Most diff tools today use LCS algorithms. They typically apply to lines, but in some cases they're word-based.
GNU diff
This seems to be Myers algorithm. git-diff originally shelled out to diff directly,
see this source code review.
This is the default diff algorithm in GNU diff and git diff. It finds the longest common subsequence (LCS) and is used on a line-by-line basis.
# Modern diff supports colour, but see also
# https://www.colordiff.org/
$ diff --color=always -u sample_files/css_before.css sample_files/css_after.css
Patience Diff
Myers diff has a problem with sliders:
if (!$smtp_server) {
+ $smtp_server = $repo->config('sendemail.smtpserver');
+}
+if (!$smtp_server) {
foreach (qw( /usr/sbin/sendmail /usr/lib/sendmail )) {
if (-x $_) {
$smtp_server = $_;
Instead of:
+if (!$smtp_server) {
+ $smtp_server = $repo->config('sendemail.smtpserver');
+}
if (!$smtp_server) {
foreach (qw( /usr/sbin/sendmail /usr/lib/sendmail )) {
if (-x $_) {
Git has a --indent-heuristic that was added to reduce the
likelihood of making a bad
choice. There's
a corpus of test files
where the ideal diff has been chosen by a human, to test different
heuristics.
The patience diff algorithm is an LCS algorithm that aims to do a better job with sliders. It produces great results by doing more work.
# Original behaviour
$ git diff --no-indent-heuristic --no-index sample_files/css_before.css sample_files/css_after.css
# As of git 2.11, this heuristic is enabled by default.
$ git diff --indent-heuristic --no-index sample_files/css_before.css sample_files/css_after.css
# Patience algorithm does a better a job in this example.

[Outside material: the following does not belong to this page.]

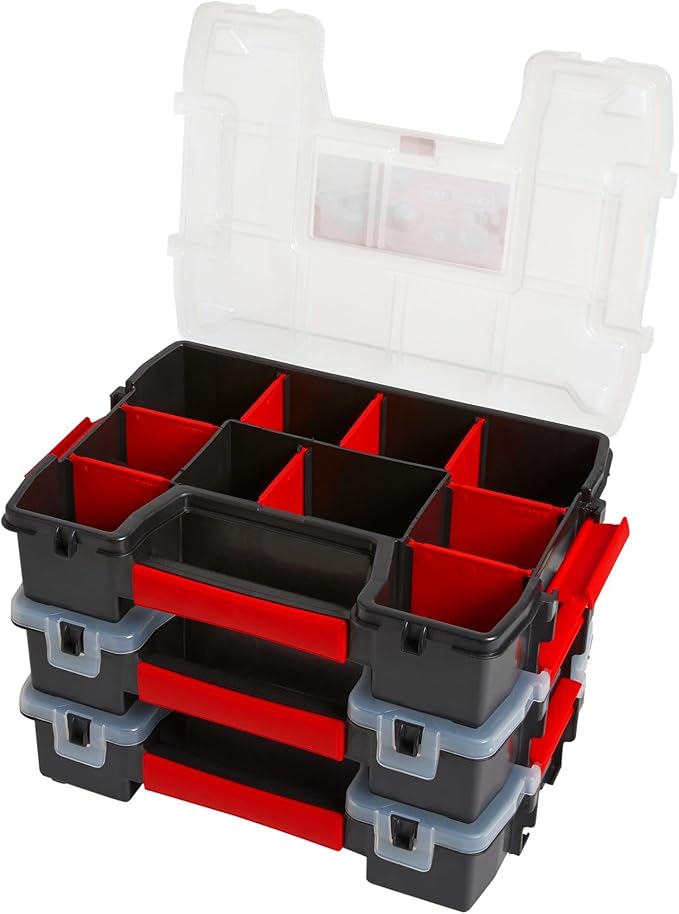 CRAFTSMAN Storage Organizer, Small Parts Organizer, 3-Packs with 10-Compartments, Lid Includes Secure Latch (CMST60964M) - Image 3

$ git diff --patience --no-index sample_files/css_before.css sample_files/css_after.css
Diff Match Patch also has some excellent discussions of diff designs on the author's website (e.g diff strategies).
Histogram Diff
Git 1.7.7+ also has a histogram algorithm, which aims to produce better results than Myers' algorithm but without the slowdown of the patience algorithm.
# Inferior to patience on this example file.
$ git diff --histogram --no-index sample_files/css_before.css sample_files/css_after.css
Smart Hunk Headers
https://tekin.co.uk/2020/10/better-git-diff-output-for-ruby-python-elixir-and-more
@@ -24,7 +24,7 @@ class TicketPdf
ApplicationController.render(
"tickets/index.html.haml",
layout: "tickets",
- assigns: { tickets: tickets }
+ assigns: { tickets: tickets, event_name: event_name }
)
end
Note how class TicketPdf is shown at the beginning.
Side-by-side Diff
$ diff -y --color=always sample_files/css_before.css sample_files/css_after.css
prettydiff
prettydiff does really well out of the box with the sample files here. It implements LCS on words.
delta
delta performs line based diffs, then uses levenshtein distance to highlight parts within the line. It also offers syntax highlighting.
diff-so-fancy
diff-so-fancy consumes normal diff output, so it's line based. It also performs word highlighting within lines, and generally has a prettier set of defaults.
git-split-diffs
git-split-diffs emulates GitHub's diff formatting style in a terminal.